Recompensas y distorsión | El Nuevo Siglo
Lunes, 16 de Enero de 2012

* Un sistema que requiere ajustes
* Riesgo de ‘mercantilizar’ la justicia



Pese a que ha demostrado su eficacia a lo largo de los últimos años, lo cierto es que el sistema de pago de recompensas económicas por información que pueda ayudar a neutralizar cabecillas delincuenciales o evitar ilícitos de gran calado, continúa acarreando críticas y reservas de algunos sectores que consideran que la colaboración unilateral, cívica y desinteresada de la ciudadanía para enfrentar al crimen es mínima y que toda delación de lo ilegal se ha ‘mercantilizado’.
No se puede ocultar que el sistema de las recompensas tiene un debate ético difícil de zanjar y que, obviamente, lo mejor sería que cada colombiano denunciara a los delincuentes sin esperar una compensación económica a cambio, o movido estrictamente por ganársela.

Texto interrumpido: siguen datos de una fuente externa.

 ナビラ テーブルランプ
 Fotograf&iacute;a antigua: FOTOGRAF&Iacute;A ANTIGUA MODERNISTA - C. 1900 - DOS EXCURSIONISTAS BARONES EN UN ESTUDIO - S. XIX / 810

No obstante hay que ser pragmáticos en la lucha contra las distintas manifestaciones criminales y si para ello es necesario ofrecer como incentivo el pago de millonarias sumas, pues hay que hacerlo. Por esa vía han caído, ya sea capturados, abatidos o entregados unilateralmente a las autoridades ante el temor de ser sapeados por sus subordinados o enemigos, importantes y peligrosos cabecillas de la guerrilla, los neo-paramilitares, el narcotráfico y delincuentes comunes del más variado pelambre. Y es claro que gracias a ello muchas vidas se han salvado y miles de víctimas de los delincuentes neutralizados han podido acceder en algún nivel a verdad, justicia y reparación.  
Resulta preocupante que esté haciendo carrera entre la ciudadanía la tesis de que sólo es posible identificar, capturar o judicializar a los responsables de los crímenes si existe de por medio el ofrecimiento de recompensas. Es más, se está afincando en el imaginario popular la idea de que sólo en los delitos que impactan a la opinión pública o en donde las víctimas tenían algún tipo de relevancia social, política, económica, institucional, regional, nacional o internacional el Estado se decide a ofrecer algún tipo de compensación económica que ayude a esclarecerlos. De esa forma, en la práctica, se crea una macabra y abiertamente desinstitucionalizadora clasificación entre delitos de primera y segunda categoría.
Les corresponde al Gobierno, la Fuerza Pública y la administración de justicia evitar que esa distorsión siga creciendo. Permitir que progrese la tesis de que la mayor o menor disposición de las autoridades para castigar a los culpables de determinada acción ilícita se mide por el ofrecimiento o no de las recompensas o, peor aún, por el monto de dinero que se ponga sobre la mesa, es peligroso para la legitimidad estatal y los principios constitucionales de igualdad ciudadana y acceso a una justicia pronta y eficaz.
A ello deben sumarse otras distorsiones aún más complicadas, como aquellas en que quienes delatan a sus jefes criminales, son tan delincuentes como ellos. El guerrillero que asesinó a sangre fría a un cabecilla subversivo y como prueba para reclamar la recompensa le cercenó una mano que luego entregó a las autoridades es fiel ejemplo de lo anterior. Igual los casos en donde son los criminales rivales los que delatan a quienes les compiten, con el único fin de entrar a manejar solos negocios ilícitos.
Como se dijo al comienzo, el sistema de recompensas ha dado muchos y positivos resultados. Y por lo mismo, debe mantenerse como una herramienta adicional, pero excepcional, a la acción de persecución, judicialización y castigo a los criminales. Sin embargo, es urgente erradicar la tesis de que sólo si hay ofrecimiento económico se puede resolver más fácil un delito y dar con sus culpables. Debe insistirse desde el Estado en incentivar la denuncia ciudadana cívica y desinteresada. De lo contrario, podría ocurrir aquí algo similar a lo que llevó al traste la figura de la acción popular, que terminó convertida en una especie de negocio en el que particulares y abogados impulsaban estas herramientas jurídicas movidos, no por el ánimo de proteger los derechos colectivos, sino de hacerse a un porcentaje significativo -y no pocas veces millonario- de los dineros o recursos públicos que se lograban proteger. El abuso con las acciones populares llegó a tal punto, que fue necesario aprobar una reforma desmontando el incentivo económico a quienes la impulsaban.